The James Webb Space Telescope has uncovered starkly asymmetrical atmospheres on the ultra-hot exoplanet WASP-121 b, revealing that dawn and dusk operate under fundamentally different physical conditions.
WASP-121 b orbits so close to its star that one side faces perpetual daylight while the other endures eternal night. Observations show the evening terminator significantly hotter and more expanded than the morning terminator, defying expectations of symmetry. Fierce winds transport heat from the scorched dayside across the planet, accumulating energy on the sunset region and creating a temperature gradient between the two twilight zones.
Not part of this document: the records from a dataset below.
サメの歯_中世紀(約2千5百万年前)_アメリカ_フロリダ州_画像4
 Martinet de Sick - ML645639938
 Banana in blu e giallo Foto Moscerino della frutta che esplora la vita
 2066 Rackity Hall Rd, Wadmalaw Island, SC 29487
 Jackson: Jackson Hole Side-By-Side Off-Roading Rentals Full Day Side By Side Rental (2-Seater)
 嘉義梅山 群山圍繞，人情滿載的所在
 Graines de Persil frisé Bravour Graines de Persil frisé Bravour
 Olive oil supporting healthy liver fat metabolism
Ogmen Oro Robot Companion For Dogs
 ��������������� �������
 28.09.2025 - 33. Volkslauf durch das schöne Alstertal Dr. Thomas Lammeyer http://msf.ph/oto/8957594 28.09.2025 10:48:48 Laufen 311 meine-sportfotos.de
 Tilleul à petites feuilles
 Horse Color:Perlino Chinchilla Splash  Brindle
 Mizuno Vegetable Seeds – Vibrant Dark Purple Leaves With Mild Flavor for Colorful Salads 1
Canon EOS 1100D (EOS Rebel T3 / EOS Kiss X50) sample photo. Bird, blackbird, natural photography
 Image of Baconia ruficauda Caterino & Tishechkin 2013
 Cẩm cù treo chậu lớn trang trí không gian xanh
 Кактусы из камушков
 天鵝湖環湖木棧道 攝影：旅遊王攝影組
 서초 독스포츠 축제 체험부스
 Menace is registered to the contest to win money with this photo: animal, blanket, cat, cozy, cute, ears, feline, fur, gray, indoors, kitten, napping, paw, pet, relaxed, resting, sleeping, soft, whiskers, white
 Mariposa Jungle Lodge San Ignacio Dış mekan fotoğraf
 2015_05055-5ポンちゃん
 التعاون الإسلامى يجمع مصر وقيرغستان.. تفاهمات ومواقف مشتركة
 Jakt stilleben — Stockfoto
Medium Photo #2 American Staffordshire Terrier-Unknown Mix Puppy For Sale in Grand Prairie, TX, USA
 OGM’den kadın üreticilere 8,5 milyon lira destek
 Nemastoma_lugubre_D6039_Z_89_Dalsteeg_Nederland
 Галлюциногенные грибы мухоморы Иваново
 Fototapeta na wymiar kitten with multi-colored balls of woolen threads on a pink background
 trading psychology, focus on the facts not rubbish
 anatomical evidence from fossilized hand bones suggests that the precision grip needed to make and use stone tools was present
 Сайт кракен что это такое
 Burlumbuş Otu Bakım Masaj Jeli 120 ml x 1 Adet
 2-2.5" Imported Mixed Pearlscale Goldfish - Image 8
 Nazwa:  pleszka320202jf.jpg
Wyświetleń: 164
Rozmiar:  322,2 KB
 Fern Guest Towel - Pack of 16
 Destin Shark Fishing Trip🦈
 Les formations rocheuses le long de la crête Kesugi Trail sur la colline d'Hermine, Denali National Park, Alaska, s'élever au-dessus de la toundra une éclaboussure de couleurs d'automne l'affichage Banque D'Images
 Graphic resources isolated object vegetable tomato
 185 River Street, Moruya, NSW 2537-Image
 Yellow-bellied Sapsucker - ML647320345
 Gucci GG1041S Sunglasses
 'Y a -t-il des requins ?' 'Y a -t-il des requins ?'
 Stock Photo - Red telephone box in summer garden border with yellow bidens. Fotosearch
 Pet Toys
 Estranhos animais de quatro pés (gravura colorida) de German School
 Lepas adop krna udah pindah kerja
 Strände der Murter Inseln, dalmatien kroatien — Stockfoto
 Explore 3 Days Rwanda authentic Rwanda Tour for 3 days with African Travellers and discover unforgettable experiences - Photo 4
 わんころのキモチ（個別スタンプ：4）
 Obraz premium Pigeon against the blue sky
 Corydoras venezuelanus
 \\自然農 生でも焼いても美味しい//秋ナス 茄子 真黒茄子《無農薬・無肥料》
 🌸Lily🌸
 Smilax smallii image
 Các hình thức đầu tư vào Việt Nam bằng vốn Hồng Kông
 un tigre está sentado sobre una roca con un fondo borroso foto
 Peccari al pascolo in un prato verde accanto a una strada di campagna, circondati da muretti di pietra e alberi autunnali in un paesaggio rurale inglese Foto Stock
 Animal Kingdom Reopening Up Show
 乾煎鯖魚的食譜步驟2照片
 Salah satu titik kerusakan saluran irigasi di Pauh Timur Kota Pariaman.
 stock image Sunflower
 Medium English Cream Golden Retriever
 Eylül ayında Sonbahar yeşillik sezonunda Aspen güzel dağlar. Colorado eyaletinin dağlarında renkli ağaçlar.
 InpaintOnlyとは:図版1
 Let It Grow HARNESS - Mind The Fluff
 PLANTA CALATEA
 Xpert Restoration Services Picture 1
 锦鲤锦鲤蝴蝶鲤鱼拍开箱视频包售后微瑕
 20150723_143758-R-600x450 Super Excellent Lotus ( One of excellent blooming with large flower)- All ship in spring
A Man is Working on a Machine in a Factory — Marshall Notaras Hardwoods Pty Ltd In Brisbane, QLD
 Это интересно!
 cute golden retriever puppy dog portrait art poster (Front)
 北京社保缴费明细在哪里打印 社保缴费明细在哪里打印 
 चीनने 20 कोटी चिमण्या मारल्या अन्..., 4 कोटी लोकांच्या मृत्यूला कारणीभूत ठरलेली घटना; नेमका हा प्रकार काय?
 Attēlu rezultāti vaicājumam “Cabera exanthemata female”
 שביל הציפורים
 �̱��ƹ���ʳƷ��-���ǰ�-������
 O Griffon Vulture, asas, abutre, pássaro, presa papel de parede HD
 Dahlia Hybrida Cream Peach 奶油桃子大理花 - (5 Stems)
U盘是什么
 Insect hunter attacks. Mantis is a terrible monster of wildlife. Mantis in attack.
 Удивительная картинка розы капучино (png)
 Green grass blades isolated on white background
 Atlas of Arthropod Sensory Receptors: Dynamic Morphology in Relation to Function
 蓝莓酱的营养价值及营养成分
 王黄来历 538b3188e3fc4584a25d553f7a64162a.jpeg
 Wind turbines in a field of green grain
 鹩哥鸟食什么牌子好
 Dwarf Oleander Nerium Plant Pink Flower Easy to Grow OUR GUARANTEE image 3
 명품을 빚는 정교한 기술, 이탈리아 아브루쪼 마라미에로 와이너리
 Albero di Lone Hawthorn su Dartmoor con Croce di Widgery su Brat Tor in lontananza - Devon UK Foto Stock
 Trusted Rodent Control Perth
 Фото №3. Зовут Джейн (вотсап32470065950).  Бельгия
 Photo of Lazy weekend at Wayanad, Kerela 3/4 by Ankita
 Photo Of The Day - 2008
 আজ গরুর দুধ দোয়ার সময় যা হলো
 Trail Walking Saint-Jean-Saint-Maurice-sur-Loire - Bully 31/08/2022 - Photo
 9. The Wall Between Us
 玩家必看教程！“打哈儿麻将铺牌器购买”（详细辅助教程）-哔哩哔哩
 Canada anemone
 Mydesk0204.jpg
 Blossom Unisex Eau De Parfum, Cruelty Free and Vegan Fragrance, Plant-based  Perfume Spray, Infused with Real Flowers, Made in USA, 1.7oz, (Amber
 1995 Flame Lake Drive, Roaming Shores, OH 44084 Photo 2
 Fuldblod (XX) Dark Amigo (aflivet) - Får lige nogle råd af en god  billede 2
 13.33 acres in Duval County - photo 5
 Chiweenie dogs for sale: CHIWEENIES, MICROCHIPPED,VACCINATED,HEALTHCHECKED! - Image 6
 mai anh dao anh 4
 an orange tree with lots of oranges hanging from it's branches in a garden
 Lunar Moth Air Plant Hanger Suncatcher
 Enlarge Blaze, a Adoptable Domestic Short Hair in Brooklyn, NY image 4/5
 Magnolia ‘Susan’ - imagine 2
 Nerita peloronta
JWST detected water molecules fragmenting under extreme temperatures, a process called photodissociation. The intense stellar radiation splits H2O into hydrogen and oxygen atoms, fundamentally altering atmospheric chemistry on the dayside. The detection of these breakdown products provides direct evidence of atmospheric dynamics on a world roughly 1,200 light-years away.
The research team also identified mineral clouds on the cooler morning side. These condensates appear to play an outsized role in shaping atmospheric structure and composition in regions where temperatures drop enough for solid particles to form. The clouds influence heat absorption and reflection, contributing to the dawn-dusk asymmetry.
WASP-121 b presents an extreme laboratory for atmospheric science. With temperatures exceeding 2,400 Kelvin on its dayside, the planet represents conditions unlike anything in our solar system. The observations demonstrate JWST's unprecedented capability to resolve atmospheric properties across individual exoplanet terminator regions, revealing wind patterns, chemical transformations, and cloud processes once thought inaccessible to direct study.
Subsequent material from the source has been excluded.